Лайнелл и Генрих продолжают смеяться, но теперь гораздо тише и все больше прячут хохму в кулаки. Лица у них двоих счастливые, раскрасневшиеся и мокрые от слез. Такими он застал их.
— А сам-то ты как думаешь? — бросает Эверт не без недовольства.
Он перегибается через кресло, собираясь сказать этой девице все что думает о ее проделках и безответственности. Ладно, Джонатан! Он — ребенок, которого нужно высечь, делать это неделю и не переставая, но она! Взрослая ведь и мозгов должно быть побольше!
— Куда же ты дел ее? — интересуется Лайнелл, куда спокойнее, наконец вытирая свое мокрое от смеха лицо.

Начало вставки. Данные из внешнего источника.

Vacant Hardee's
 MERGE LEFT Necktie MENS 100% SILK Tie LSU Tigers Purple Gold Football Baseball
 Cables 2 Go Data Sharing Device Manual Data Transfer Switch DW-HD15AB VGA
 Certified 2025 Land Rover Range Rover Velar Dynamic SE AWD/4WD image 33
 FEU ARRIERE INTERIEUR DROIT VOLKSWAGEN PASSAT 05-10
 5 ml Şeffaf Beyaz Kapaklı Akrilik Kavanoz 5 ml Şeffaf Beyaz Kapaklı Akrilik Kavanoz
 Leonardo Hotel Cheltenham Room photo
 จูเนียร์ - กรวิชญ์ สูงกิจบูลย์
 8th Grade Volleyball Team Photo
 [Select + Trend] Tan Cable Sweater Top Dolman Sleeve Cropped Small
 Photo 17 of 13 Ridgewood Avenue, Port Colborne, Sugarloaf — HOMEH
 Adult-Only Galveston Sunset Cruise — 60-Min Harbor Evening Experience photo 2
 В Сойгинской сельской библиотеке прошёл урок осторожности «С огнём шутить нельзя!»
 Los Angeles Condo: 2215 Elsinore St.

Эверту некому высказывать свое недовольство, претензии и замечания. Девчонка спит, подтянув ноги и запахнувшись в шелковый халат с изображенными на нем фламинго.
— Никуда. Успел отскочить. Варево ухнуло вниз.
— Тихо, Темнейшество, — просит его Лайнелл, вспомнив не самое любимое из прозвищ сэгхара. — Разбудишь ведь.
Эверту кажется, что она притворяется, но пульс и дыхание говорит об обратном.
— После кофе?
Эверт поднял чашку, понюхал напиток, передал его Траубе. Это он у них специалист по ядам, гнусным и подлым моментам. Но тот только кивнул в ответ, вернув емкость на блестящий, как новехонькое зеркало поднос.
— Это он. Не сомневайся. Я попробовал его первым.
— Много выпила? — Эверт продолжает держать ее запястье, считая удары сердца.
Оно замедляется, как у всякого человека, который погружается в невозможно глубокий и крепкий сон.
— Как видишь. Полчашки. Выпила и не поморщилась.
— Интересно.
Что же именно ему интересно Эверт объяснять не стал. Тут и так понятно: удивительное дело, но тонизирующий напиток (который, к слову, никогда не нравился ему) подействовал на девушку совершенно по-иному — не взбодрил, а успокоил и погрузил в сон.
«Она должна бегать по потолку! Вот ведь странная…И в этом тоже!»
Он повертелся на месте, вздохнул из-за занятого кресла, сотворил себе точно такое же, но только из своего особняка, уселся и почувствовал, что его наконец отпустило. День закончился. Неприятности тоже. Можно расслабиться, выпить и не ждать ничего плохого.
— Посмеялись и хватит, — медленно выводит Траубе. — Хочу знать, что же наконец произошло? Можешь не рассказывать мне, что вы отправились в имение, но почему без охраны?
Эверт разводит руками и смотрит на Лайнелла. Настал его черед молвить свое слово и объяснять свои вольности.
— Ты не хочешь освободить и переодеть своих крысолюбов?
Он дает величеству собраться с мыслями. Эверт давно знает его. Траубе тоже, потому и соглашается на этот короткий обмен любезностями.
— Им полезно.
— Я тоже так решил, — отвечает Эверт с тяжким вздохом. — Теперь у нас нет темниц и малой приемной залы.
Траубе бледнеет, а Эверт только дергает бровями. Он думал, что девчонка преувеличивает? Зря. Работы хватит всем: от уборщиков и кузнецов до каменщиков и архитекторов.
— Я — король в конце концов.
Произносит Лайнелл, выпрямляется и подтягивается к остывшему кофейнику, наполняя чашку бурым напитком.
— Вот именно, — откликаются Эверт и Траубе в едином возгласе.
Им только не хватало смуты, когда только-только все стало налаживаться. Страна не выдержит еще и распрей.